Absolutely agree with Cheerfulmarybrown.
I have had a rescue GSD and a first cross rescue myself, the pure bred would guard if given the ok from me, but unless I indicated I needed her to she'd be happy to stand down, iyswim. The crossbreed was never really into guarding, although that could have been down to her mix. She was totally aloof with other dogs, would say hello if they approached, but completely ignore them otherwise. Neither would be actively aggressive, even if the other dog showed signs of aggression, they would just offer some calming signals and move away.
The reason you don't see so many GSD's out playing with other dogs has nothing to do with aggression, but more to them tending towards choosing their humans' company over other dogs. They bond very strongly and often actively choose to stay with their person, rather than play with other dogs. Both mine were sociable to other dogs within our family group (our other dogs and those of my PILs and SIL) but really couldn't be bothered with any dogs outside of that group.

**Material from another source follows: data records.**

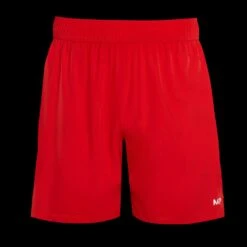 MP Velocity Shorts Für Herren — Danger -Sportliche Kleidung Geschäft 12761598 4384911726108702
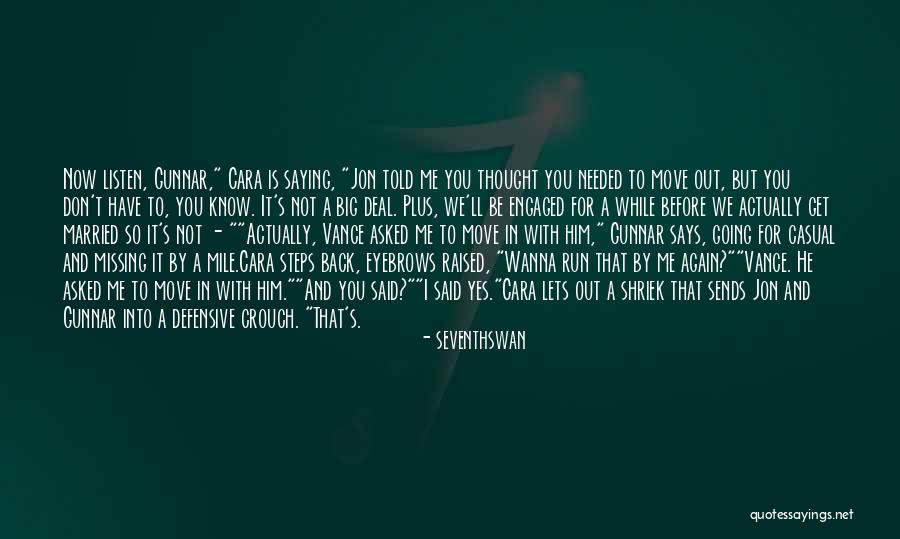 Wanna Know You Quotes By Seventhswan Wanna Know You Quotes By Seventhswan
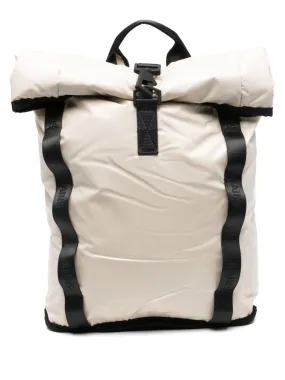 mini Sibu backpack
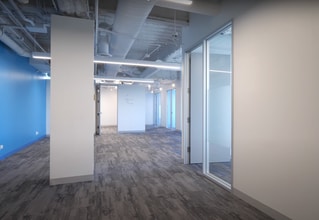 141 W Jackson Blvd, Chicago, IL for lease Interior Photo- Image 2 of 2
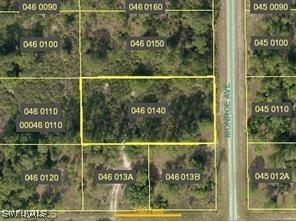 1103 Monroe Avenue Lehigh Acres FL 33972 225079757 image1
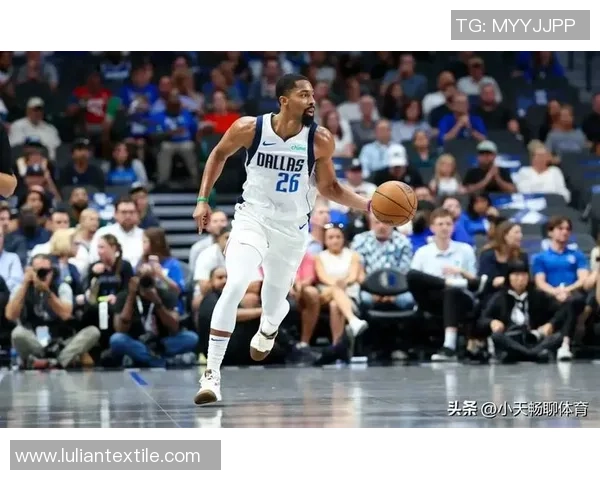 2月9日NBA焦点战雄鹿对决独行侠精彩回顾与赛后分析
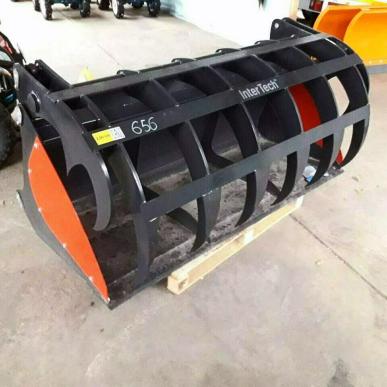 sb0616231bbs_BBS-200cm-KrokodilSchaufel_02sbf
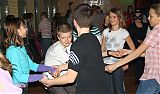 IMG_2013.JPG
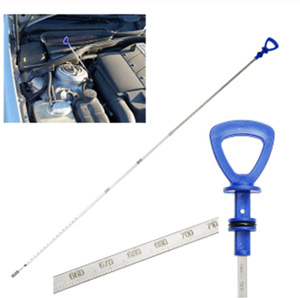 140589152100 di livello dell'olio per Mer- Cedes benz W202 W203 W204 CL203 S203 S202 S204 C208 C209 A209 - Product Image 1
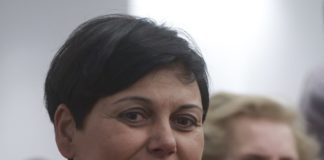 Il Lazio capofila contro il Gender Gap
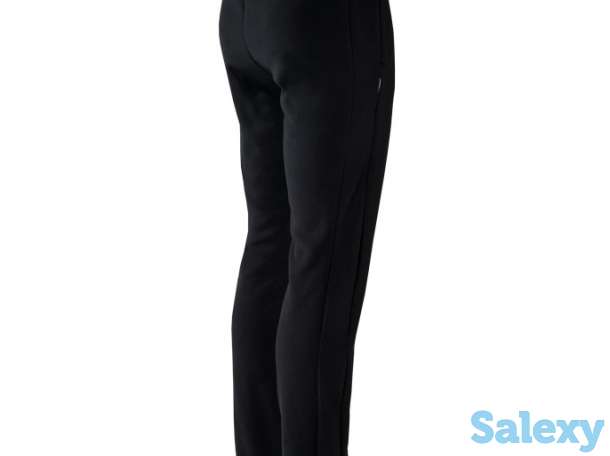 Брюки сивера шира пд черные, фотография 2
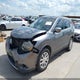 KNMAT2MT2GP726472 2016 Nissan Rogue S auction photo thumbnail 2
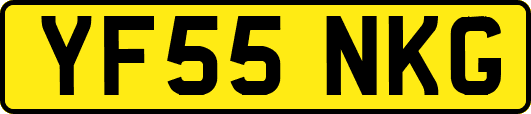 YF55NKG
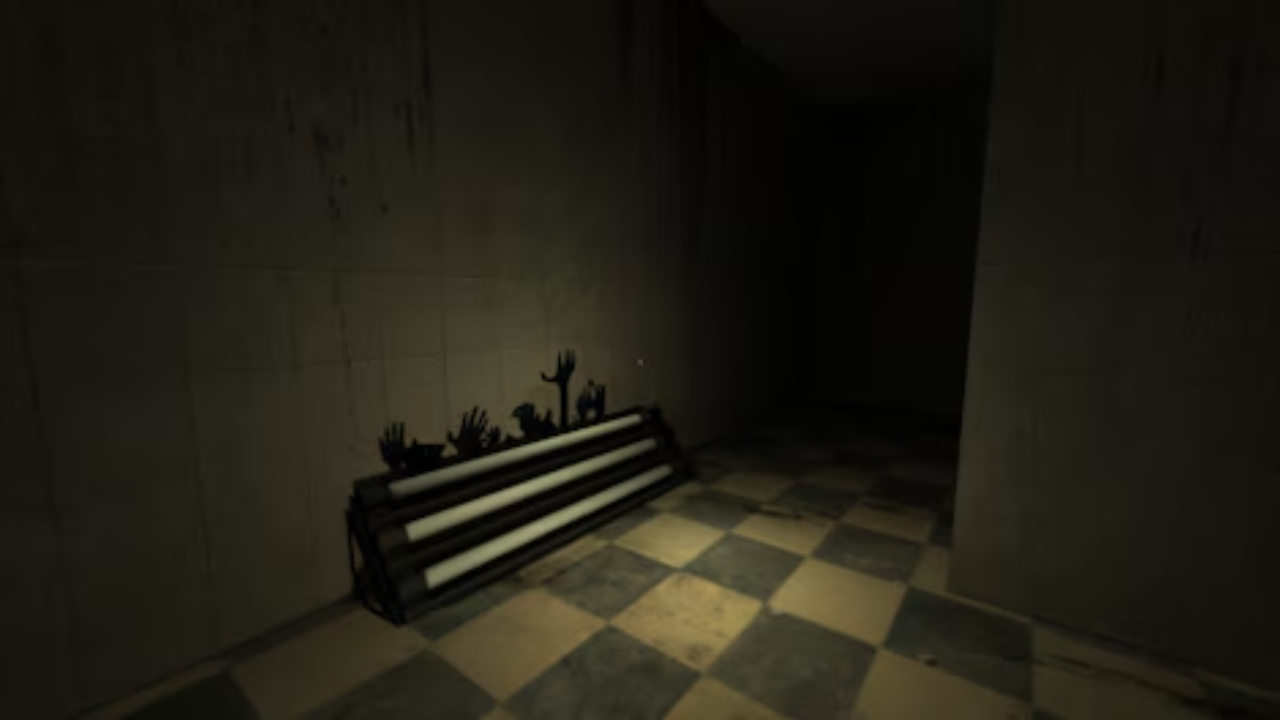 LOCKED IN SYNDROM FREE DOWNLOAD 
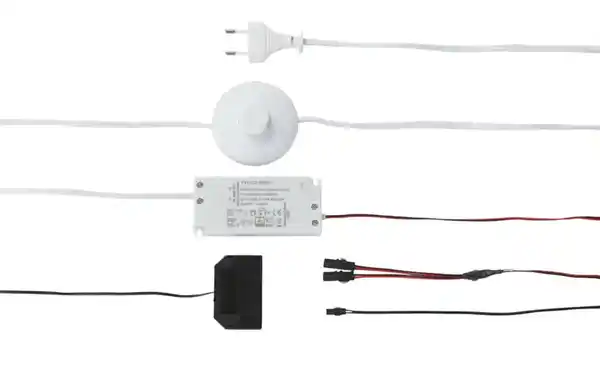 Bild 2 von LED-Beleuchtung Eldena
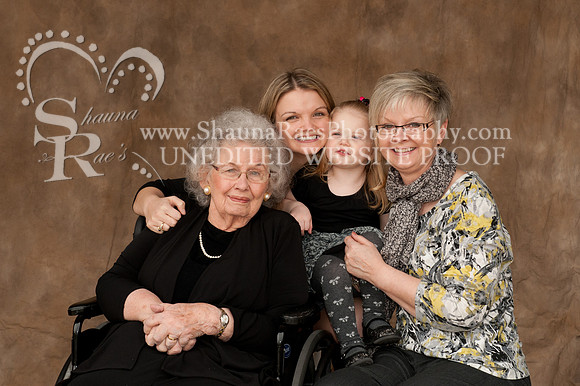 3.14.2014Generations-9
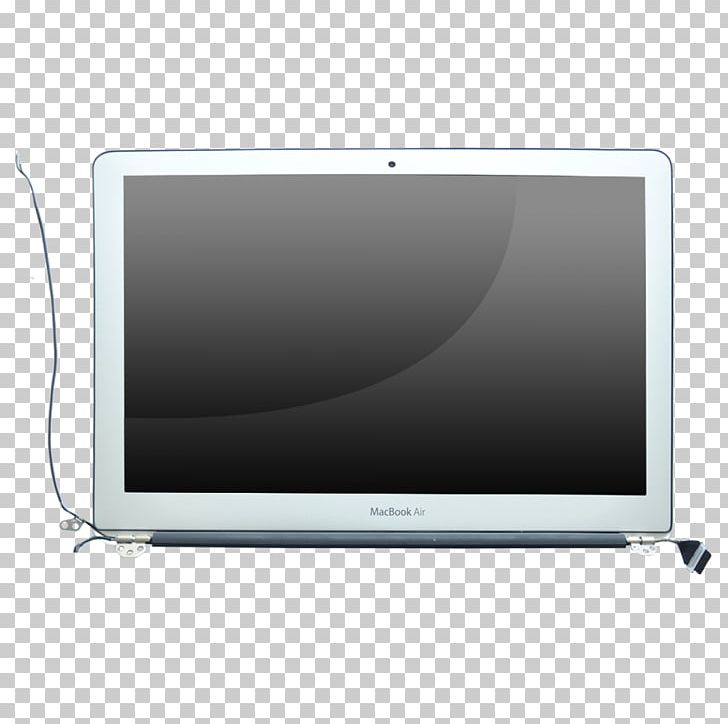 Laptop Display Device Computer Monitors Output Device Technology PNG, Clipart, Computer Hardware, Computer Monitor, Computer Monitors, Display Device, Electronic Device Free PNG Download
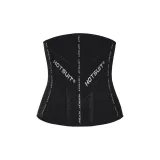 Черный (улучшенный)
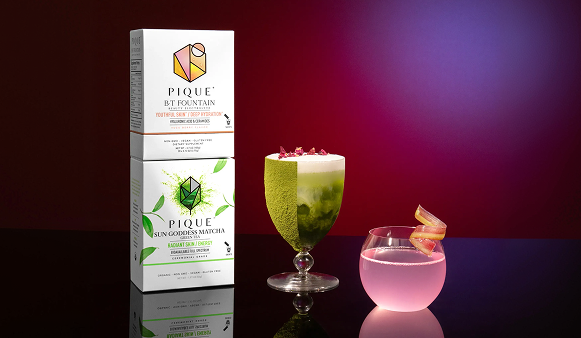 Radiant Skin Duo Protocol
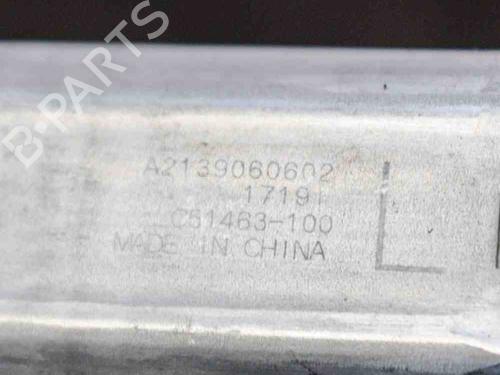 Right rear window motor MERCEDES-BENZ E-CLASS (W213) E 200 4-matic (213.043) | BP6744530E22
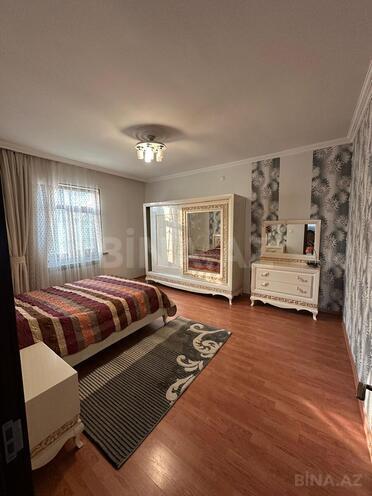 Продаётся 6-комн. дом/дача 400 м², пос. Зых, photo 15 from 20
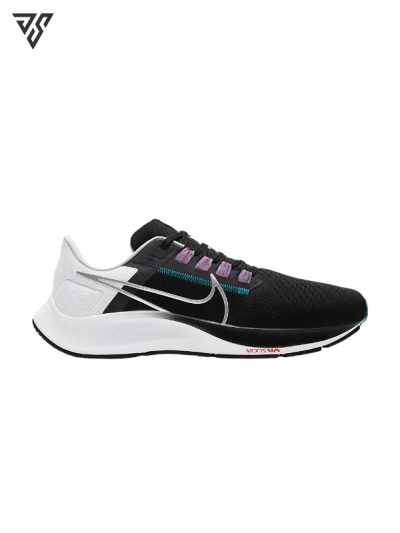 کتونی مردانه نایک ایر زوم پگاسوس 38 ( Nike Air Zoom Pegasus 38 )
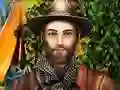 שפּיל Dangerous Quest אָנליין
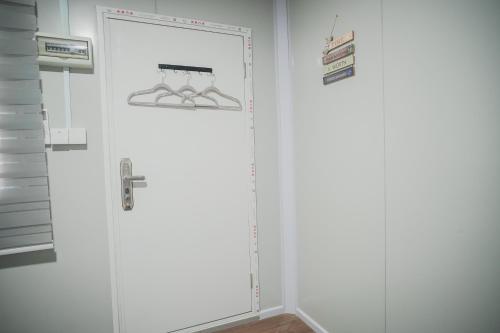 Redang Bro Roomstay in Merang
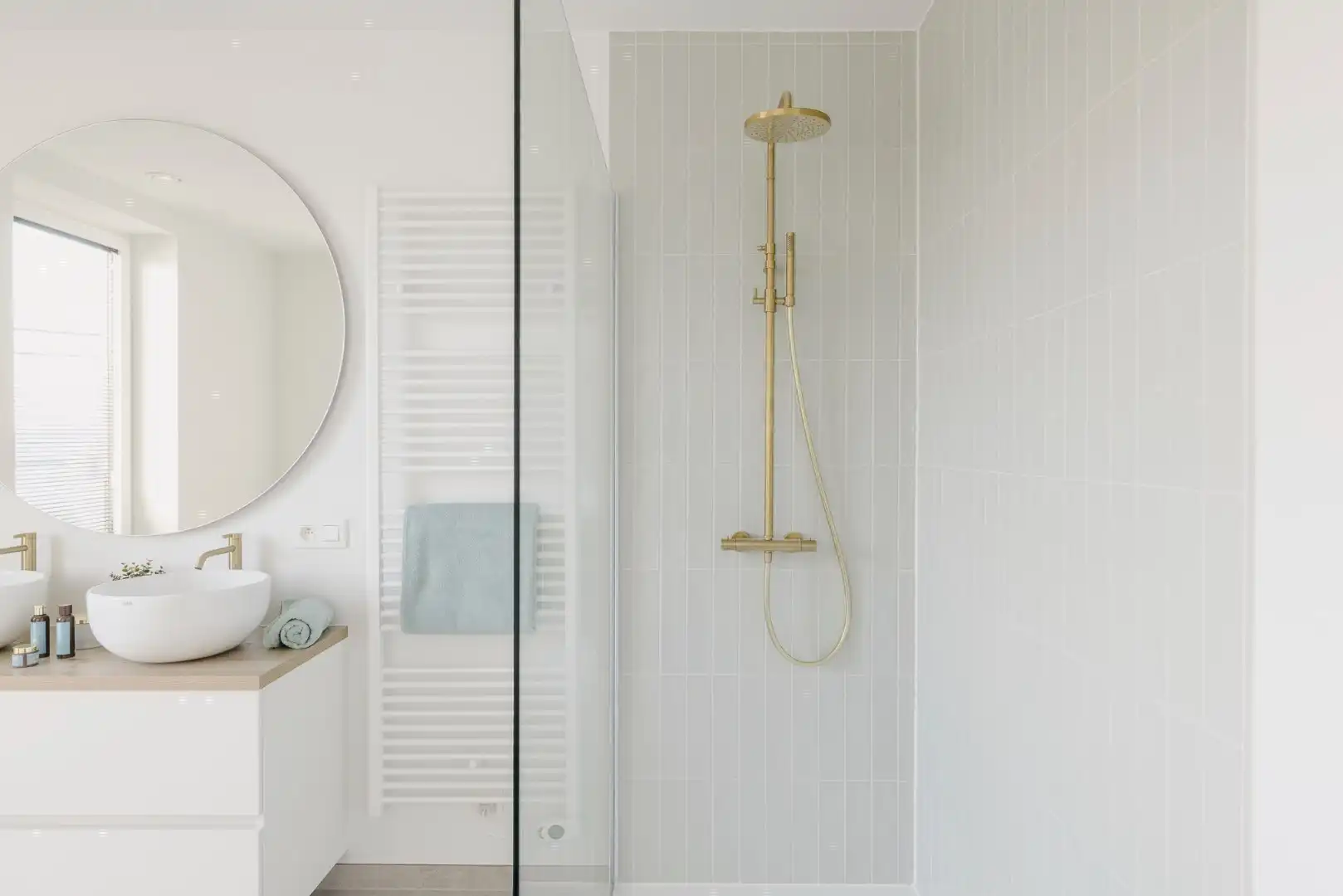 Kwalitatief woonproject met 19 nieuwbouwwoningen foto 16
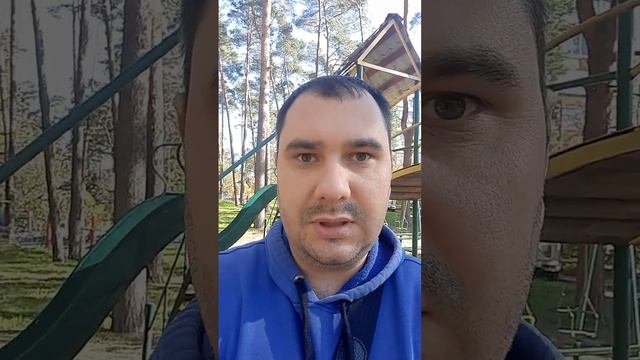 Инструкции по работе с картами и переводам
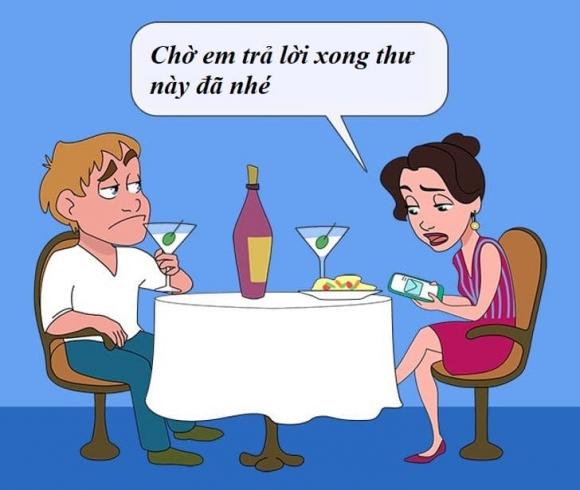 tâm sự phụ nữ, tâm sự gia đình, chuyện vợ chồng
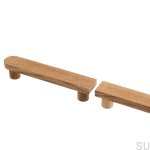 f0662bb4d58270e280b8e36b7088a4ab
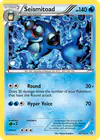 Image de la carte Seismitoad 42/113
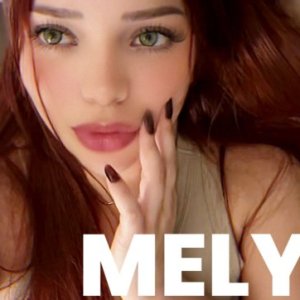 🚨NEW THERAPISTS ALERT🚨MELY ♥️ CAMILA ♥️ AVA♥️ 100% Real Photos or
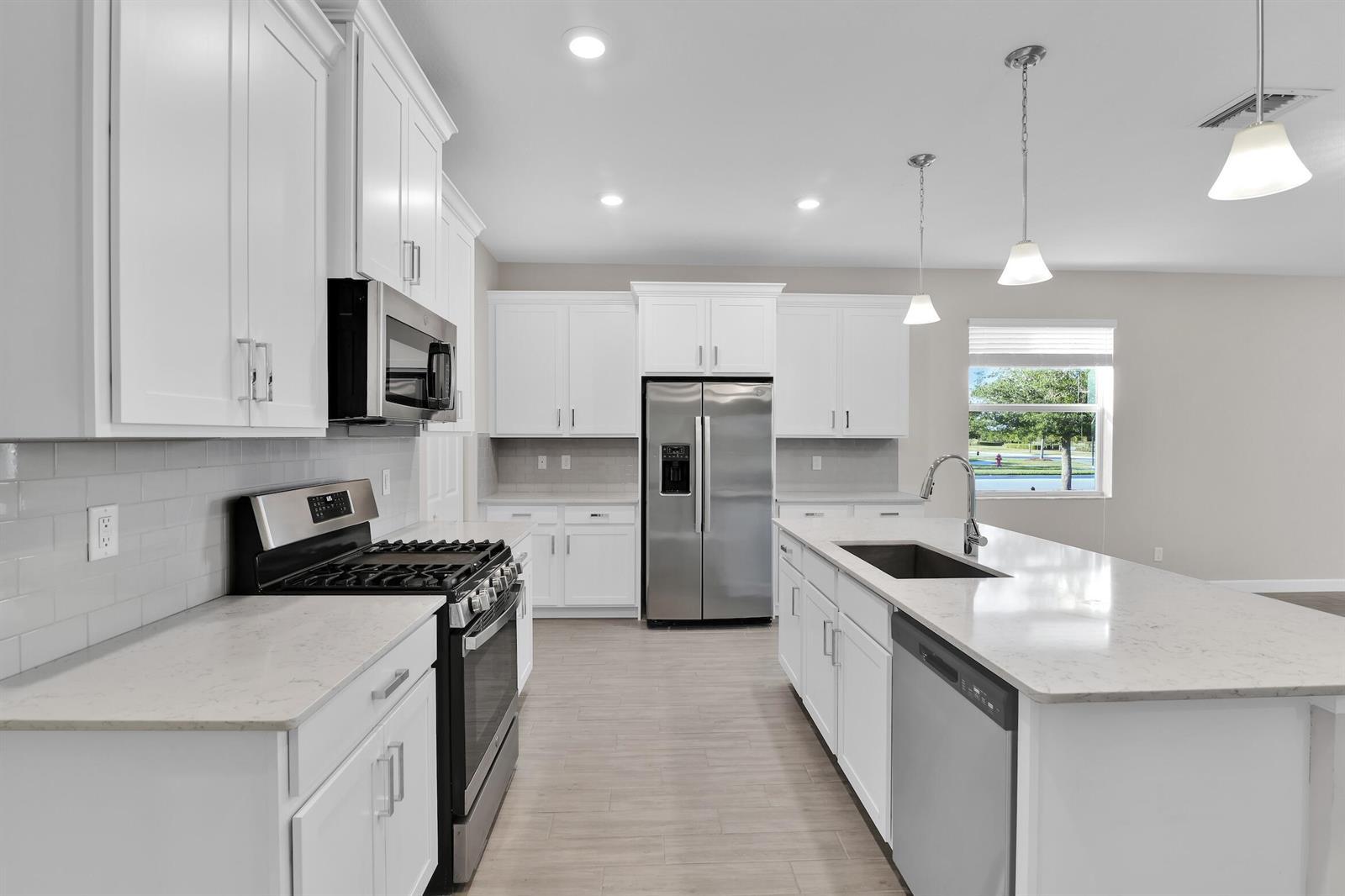 1168 Sterling Pine Place, Loxahatchee FL 33470 photo 4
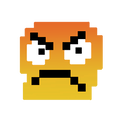 Emote AngryPixelated.png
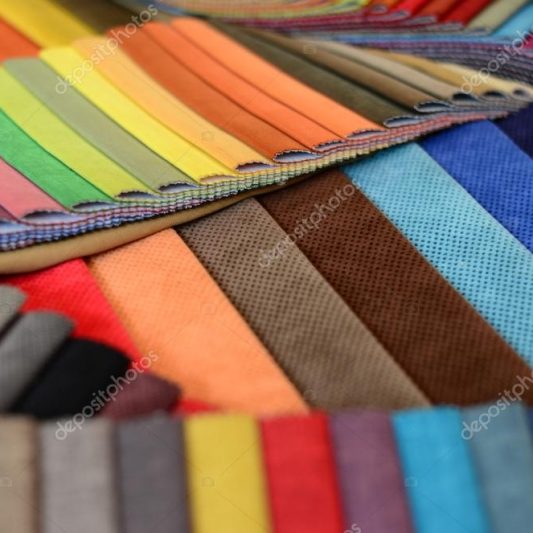 depositphotos_111810878-stock-photo-group-of-multicolored-fabrics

There are of course, always the cases where someone has picked the breed for it's reputation and others' reaction to it and fail to adequately train, socialise, exercise and stimulate their dog, resulting in them then ending up with an adult they do struggle with and can't let off the lead etc, but in my experience, they are far less popular as a breed than they were and for the most part this type of thing has moved onto other breeds who are now getting similar undeserved reputations, when in actual fact it's the owners, not the dogs that are at fault.
First thing you need is a full check-up at the vet, then a referral to a qualified, completely positive behaviourist. Try The APBC for a behaviourist that your vet can refer you to - and some insurers will cover at least some of the costs for and The IMDT for a totally force-free trainer in your area.
Also, if you are in their area - Surrey (I'm not much to my chagrin, because I would seriously love to take one of my dogs there) try Dog Communication. I know of several people that have been there and had great results with the help of their teaching dogs and carefully selected classes.
Absolutely avoid anyone that starts banging on about packs or dominance or suggests check/choke chains or any other punitive device to 'increase control'. You lad needs to be gently given his confidence back and that will only happen through steady, effective, force-free training and re-socialisation.